# Fast Ferment Sample Yeast



## Kiwifirst (28/6/15)

I have just made vienna lager with the Wyeast Munich 2308. I built a 2.3L starter and pitched but kept some aside for a fast ferment sample.
The FF sample is now done and I have a pretty decent looking yeast cake in the jar and was wondering if there is any reason why I can't fridge this and use it to build a new starter. I am assuming any DMS present in the FF sample from the warm temp is only in the wort itself. I am also assuming that if I build a starter from this at 13c the yeast will just carry on as per the original starter.
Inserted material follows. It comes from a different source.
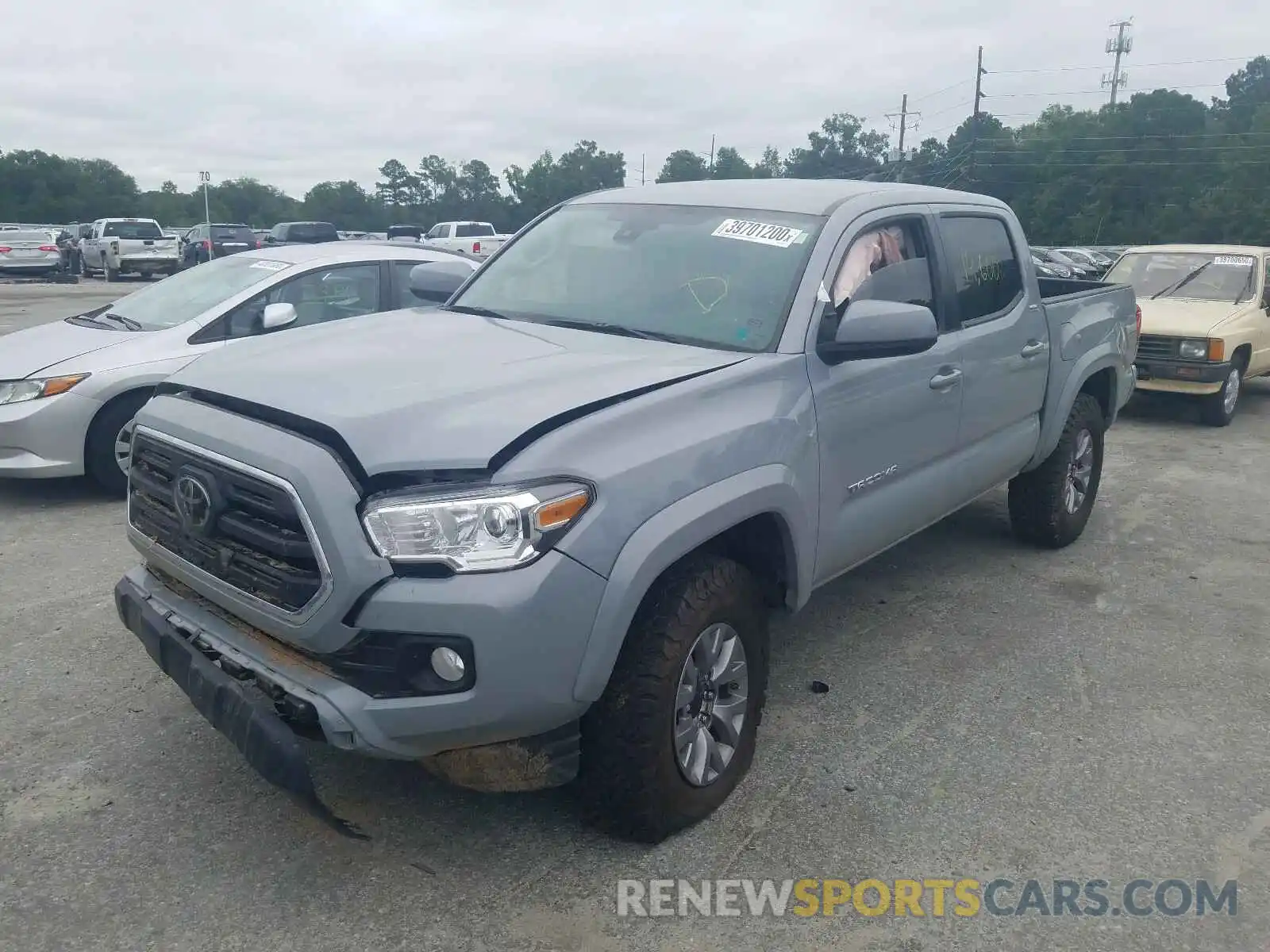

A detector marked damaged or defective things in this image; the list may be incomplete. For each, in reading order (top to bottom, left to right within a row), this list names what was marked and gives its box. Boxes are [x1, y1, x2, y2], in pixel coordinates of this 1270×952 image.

cracked front bumper cover [114, 578, 368, 838]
Just seems a waste to through out what looks like a pretty nice healthy cake.


----------



## Black n Tan (28/6/15)

If you are confident with your sanitation procedures go for it, but you will need to step it up, can't just throw it in a 2L starter.


----------



## Kiwifirst (28/6/15)

Thanks for that. What kind of slurry


----------



## Kiwifirst (28/6/15)

Try that again

What kind if slurry volume would would you look at building from. So let's say I ran a 250ml sample and have approx 30ml of slurry. Normally I'd chuck that in a 1l then a 3L.


----------



## Black n Tan (28/6/15)

30mL of yeast slurry sounds an awful lot for 250mL of wort?? May be you could go 1L but I would be more included to go smaller first of all, say 500mL then step up. But it really depends on the estimate of the number of yeast in the slurry and that his very difficult for me to estimate. Have a look at MrMalty or YeastCalc to give you a better idea of the number of yeast in your slurry.
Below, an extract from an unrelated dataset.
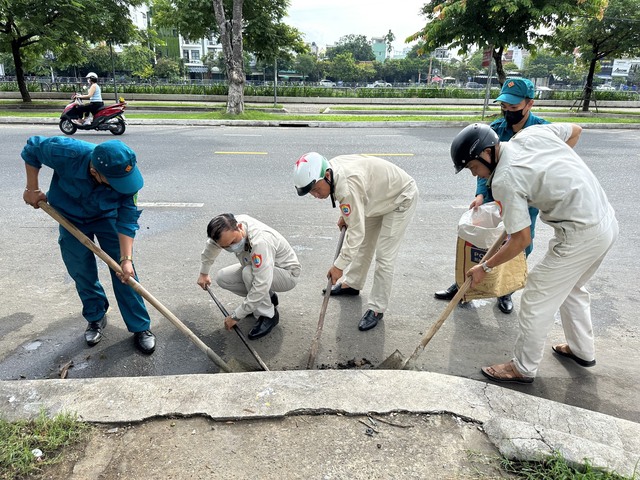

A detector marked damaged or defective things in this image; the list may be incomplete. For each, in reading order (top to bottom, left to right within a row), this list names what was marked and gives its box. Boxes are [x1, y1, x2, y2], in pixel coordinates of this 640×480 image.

cracked concrete sidewalk [1, 370, 640, 474]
EDIT: after more thought a 1L starter is probably OK. I guess the 250mL FF sample is really just a 250mL starter, so makes sense to step to 1L.


----------



## Yob (28/6/15)

30ml of yeast (compact) is what's in a WL vial or a smack pack, I'd go right into 3l if you have a flask, 

Split the resultant into 5 vials, freeze. (or pitch) and keep going


----------



## Kiwifirst (29/6/15)

I think I got a lot of slurry because I took too much yeast from the starter. I poured some wort onto the 3L starter cake swirled and slopped some into a jar then added more wort to that. It was done in about 36 hours. 1.050 - 1.009


----------



## Kiwifirst (29/6/15)

Freeze? Sigh now I am going to have read up on that. My yeasts are sitting in the fridge. This Munich was at least 6 mths in the fridge and kicked off pretty good in the starter.


----------